So he says that Dasein is simply not present-at-hand at its death, but it still exists even after that completion phase. The demise happens as Dasein meets its death. It does not of necessity perish unless it is established that it is a state of perishing. The Dasein is "modified by death" as it does not cease to exist. He says as an example, that if a loved one dies for example, there is clearly something "there" but the fallenness that occurs is one of a thought or conception of the person existing, in the past and being-present. And in the potentiality-for-being for a thought in the future, etc. But the effects of someone living are actual.


message 12: by Noone (last edited May 15, 2017 04:13PM) (new)

Noone | 6 comments Hey Kenneth,

I don’t understand why you are using Heidegger’s opposed concepts of being-in-the-world and present-at-hand to define what you mean by present being/being-present etc. It is confusing because something whose being is structured by being-in-the-world (e.g. dasein) cannot be coherently understood as present-at-hand (e.g. like a rock), and conversely something whose being is present-at-hand cannot coherently be taken as being-in-the-world because it is not. Each ontological concept excludes the other.

I think maybe the cause of this category error might be that you are interpreting present-at-hand to be like a temporal tense, namely the present. While there are surely temporal aspects to the meaning of present-at-hand, as far as I know Heidegger never uses the term itself to describe the temporal tense of the present. For that he uses terms like being-amidst, fallenness, the Present, making-Present, the Now, etc. depending on which kind of temporality he is analysing (originary temporality, pragmatic temporality, world time, ordinary time). He uses present-at-hand on the other hand simply to denote the being of occurrentness or existentisa as opposed to the being of dasein (provisionally existence and later reinterpreted as care) and the being of equipment (ready-to-hand).

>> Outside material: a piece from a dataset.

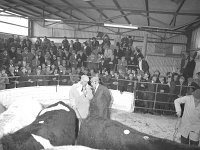 Ballinrobe mart, October 1977. - Lyons0017059.jpg  Ballinrobe mart, October 1977. : 19771012 Ballinrobe Mart 2.tif, Ballinrobe, Farmers Journal, Lyons collection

Here's a question. If death is a possibility how exactly do you understand that possibility? It seems like above you are using it in the sense of possibility as opposed to actuality. But does this kind of possibility have the being of presence-at-hand? "a kind of being which is essentially inappropriate to entities of dasein's character" (pg. 67). I think it does. Remember dasein's being is existence, which later on gets further interpreted as care. Taking his into account, what do you think Heidegger means when he talks about possibility and impossibility on page 307?